Mike A on Advancing Buffalo: “It’s Kind of Working”

By Griffin Jones

I thought popular Buffalo restaurateur Mike Andrzejewski had a calculated plot for re-energizing Buffalo’s urban core. Apparently not?

Andrzejewski said he’d like to say it was all part of a master plan, but it was more a great coincidence of timing. “I just take advantage of it, and do what I can to help it along,”

Mike with members of his team at Sea Bar.

Mike with members of his team at Sea Bar.

Andrzejewski grew up in the suburbs but says he has always been drawn to the architecture and the character of the city. He and his wife had decided they wanted to relocate downtown because they liked the excitement and the vibe. They met developer Rocco Termini while catering an event at the lofts on Ellicott Street in 2008 . In short time, they had a place to live and a place to open their hit sushi restaurant, SeaBar.
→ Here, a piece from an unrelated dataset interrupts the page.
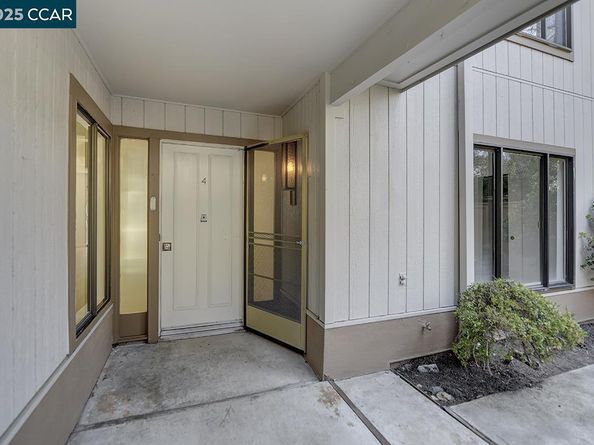 1125 Singingwood Ct 4, Walnut Creek CA 94595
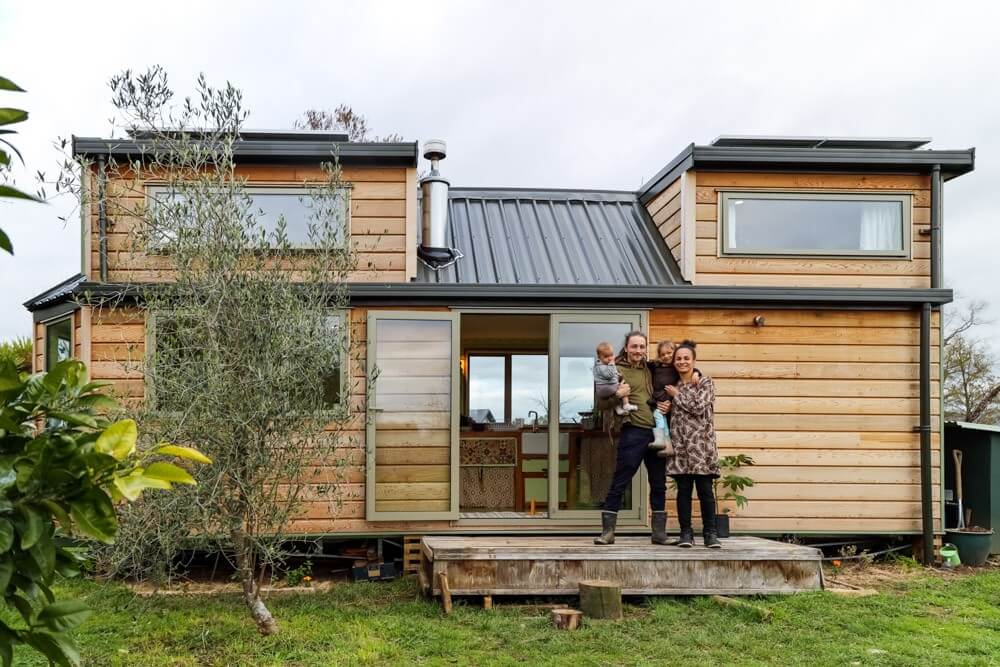 Dream DIY Tiny House With Amazing Kid-Safe Loft Dream DIY Tiny House With Amazing Kid-Safe Loft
In 2011, Mike said he benefited from timing once again. He opened the rave Cantina Loco at what he calls the most visible corner in Buffalo, at Allen and Elmwood. In 2012, he opened Mike A’s at the  Hotel LaFayette. He’s done so much in such a short time, that I forgot to even ask him about Tappo, his most recent success (this time Italian) that opened on Ellicott Street in June 2013.

Mike says he is very impressed by others in the food community here and with the people’s associated with. “I never thought I would live to see where Buffalo is now. To see what’s happening now, is so thrilling,”

What does he mean, SEE what’s happening? He IS what’s happening, I thought. Then I realized, Mike didn’t open four restaurants in five years because he’s a leader. He’s a leader because he opened four restaurants in five years. Andrzejewski is the perfect example of Buffalo’s second marketing attribute, one person with a few small changes can have a deeply significant impact here.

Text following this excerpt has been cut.